## DATA SHOWN
___
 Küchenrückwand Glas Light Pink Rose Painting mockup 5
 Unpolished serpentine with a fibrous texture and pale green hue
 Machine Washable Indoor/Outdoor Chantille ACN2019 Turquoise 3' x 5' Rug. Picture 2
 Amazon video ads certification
___
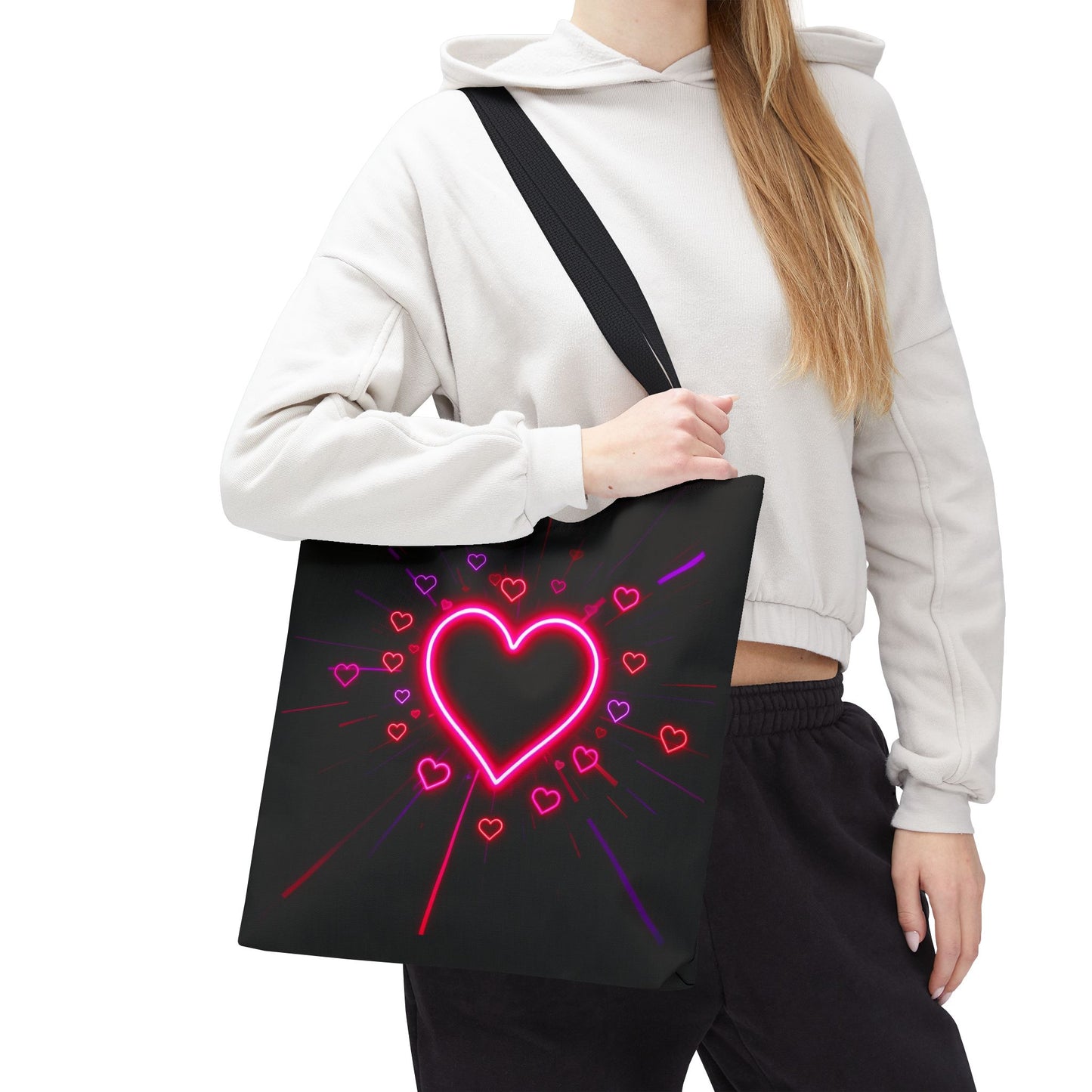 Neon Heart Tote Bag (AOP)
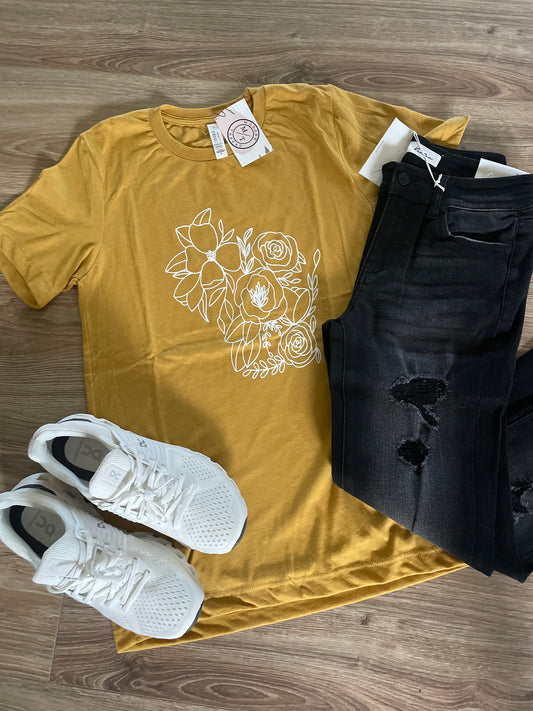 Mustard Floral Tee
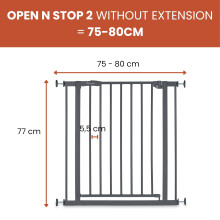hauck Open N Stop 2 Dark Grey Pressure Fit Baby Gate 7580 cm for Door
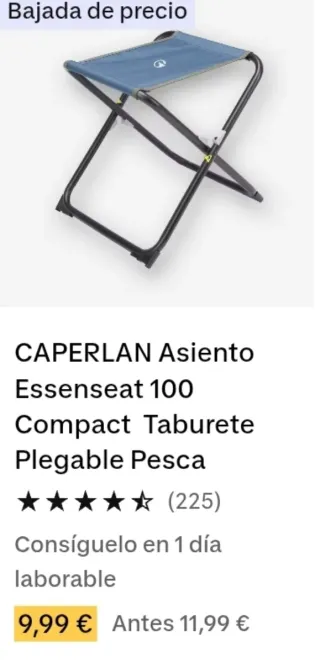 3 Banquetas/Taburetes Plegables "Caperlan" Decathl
___
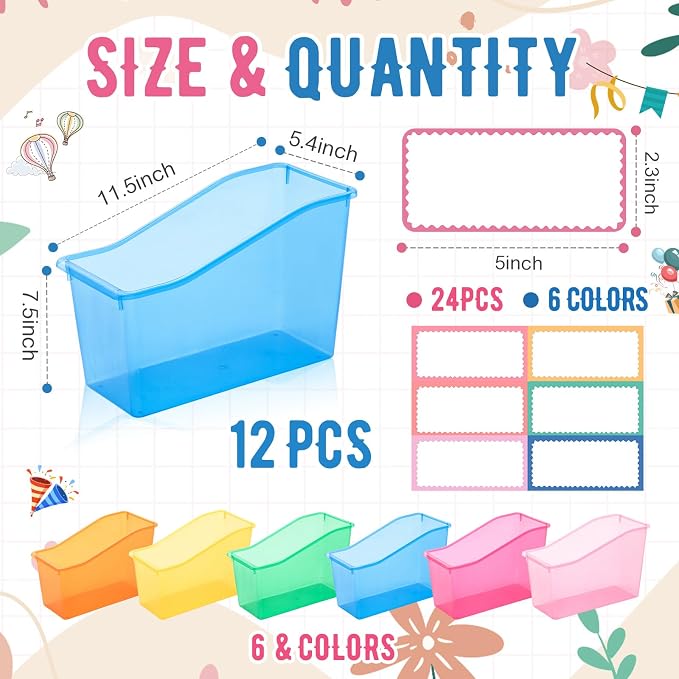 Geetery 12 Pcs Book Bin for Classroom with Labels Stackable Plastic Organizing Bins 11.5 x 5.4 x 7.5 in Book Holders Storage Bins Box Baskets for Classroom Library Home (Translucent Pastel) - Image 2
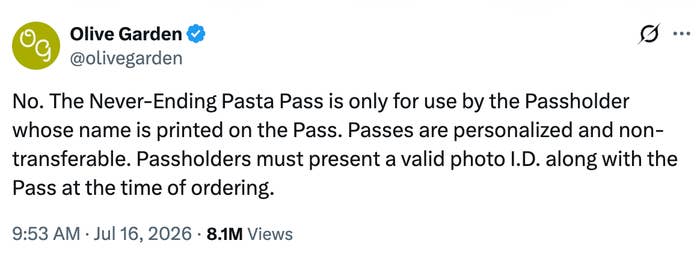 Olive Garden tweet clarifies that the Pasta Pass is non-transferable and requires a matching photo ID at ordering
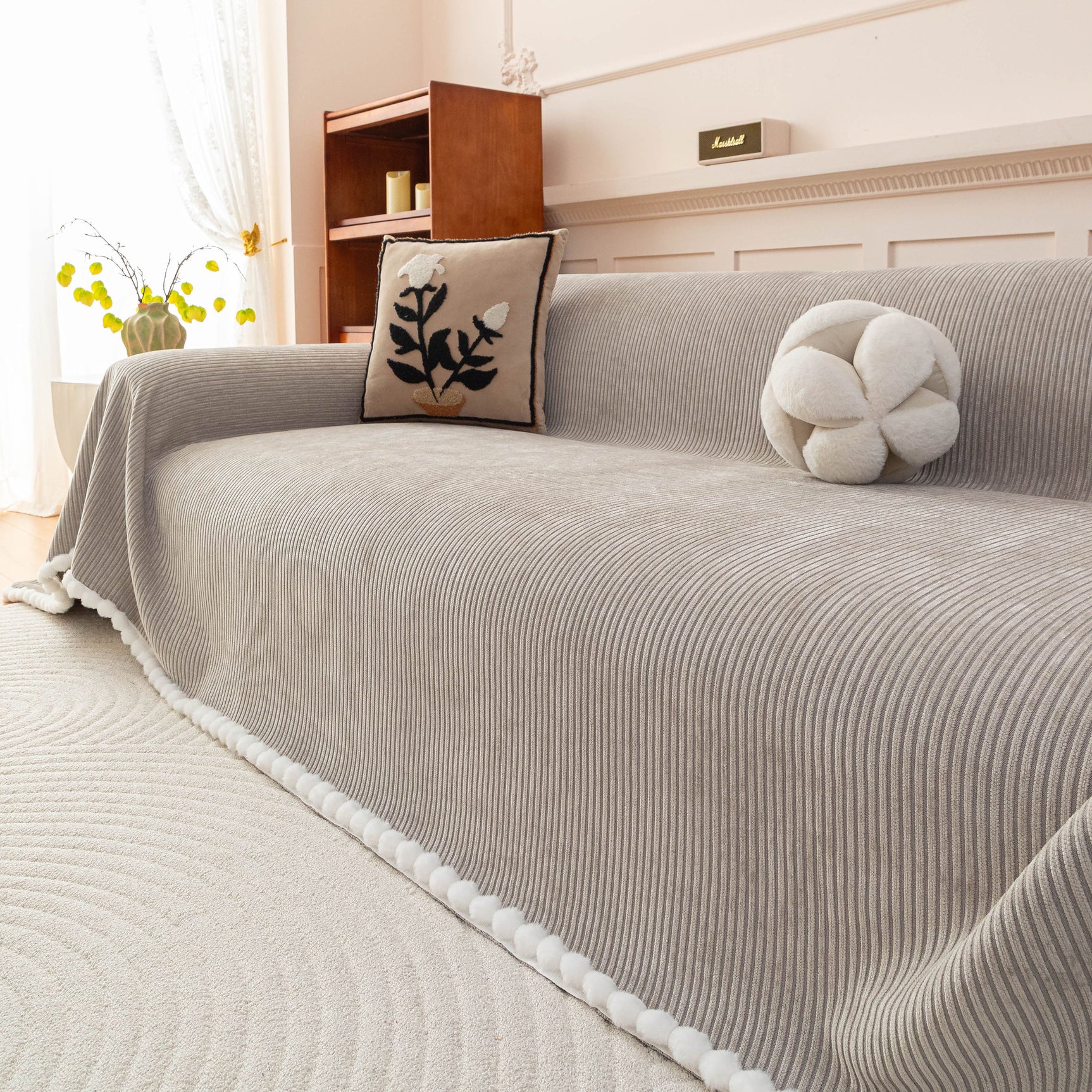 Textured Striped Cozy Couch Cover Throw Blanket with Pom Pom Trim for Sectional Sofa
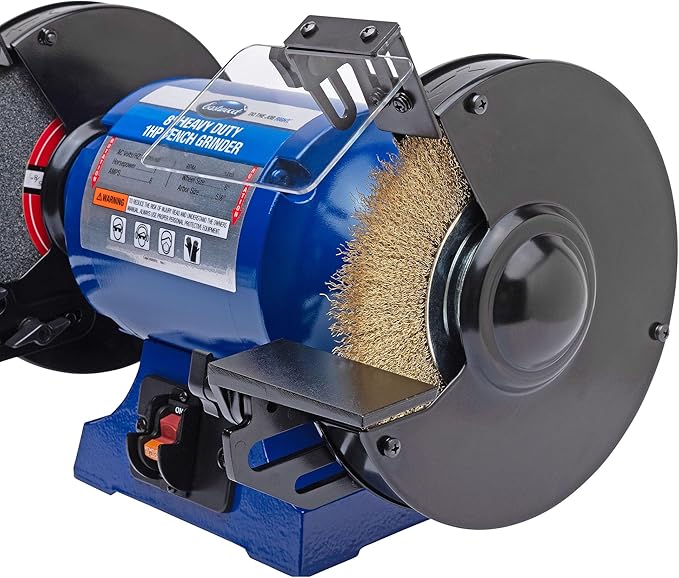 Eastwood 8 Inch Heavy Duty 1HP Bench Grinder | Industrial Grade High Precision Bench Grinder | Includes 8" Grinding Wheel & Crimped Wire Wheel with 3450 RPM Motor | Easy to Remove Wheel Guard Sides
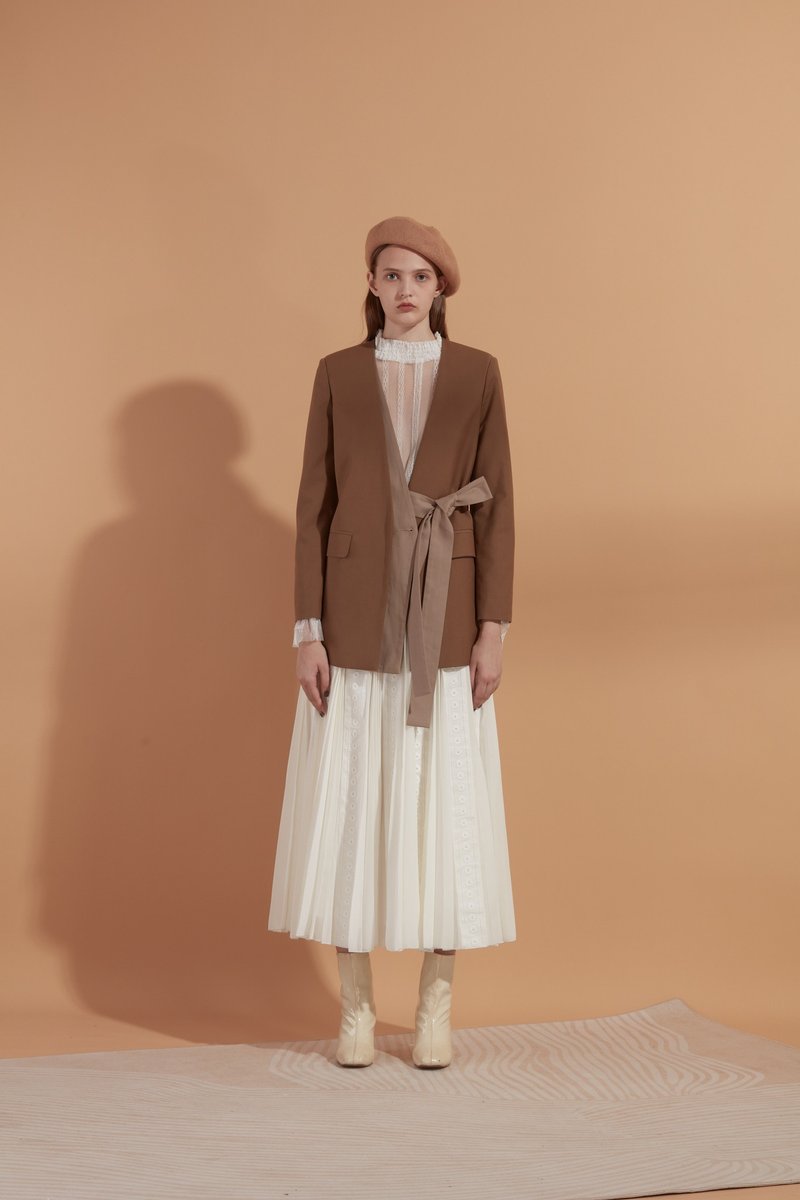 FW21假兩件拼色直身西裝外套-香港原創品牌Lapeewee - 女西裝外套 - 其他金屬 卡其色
___
## ASSIGNMENT
Each line above starting at the one holding "Eastwood 8 Inch" and ending at the one holding "FW21假兩件拼色直身西裝外套-香港原創品牌Lapeewee - 女西裝外套" should be set down exactly as it stands, both ends included, with no pictures.

## YOUR SOLUTION
 Eastwood 8 Inch Heavy Duty 1HP Bench Grinder | Industrial Grade High Precision Bench Grinder | Includes 8" Grinding Wheel & Crimped Wire Wheel with 3450 RPM Motor | Easy to Remove Wheel Guard Sides
 FW21假兩件拼色直身西裝外套-香港原創品牌Lapeewee - 女西裝外套 - 其他金屬 卡其色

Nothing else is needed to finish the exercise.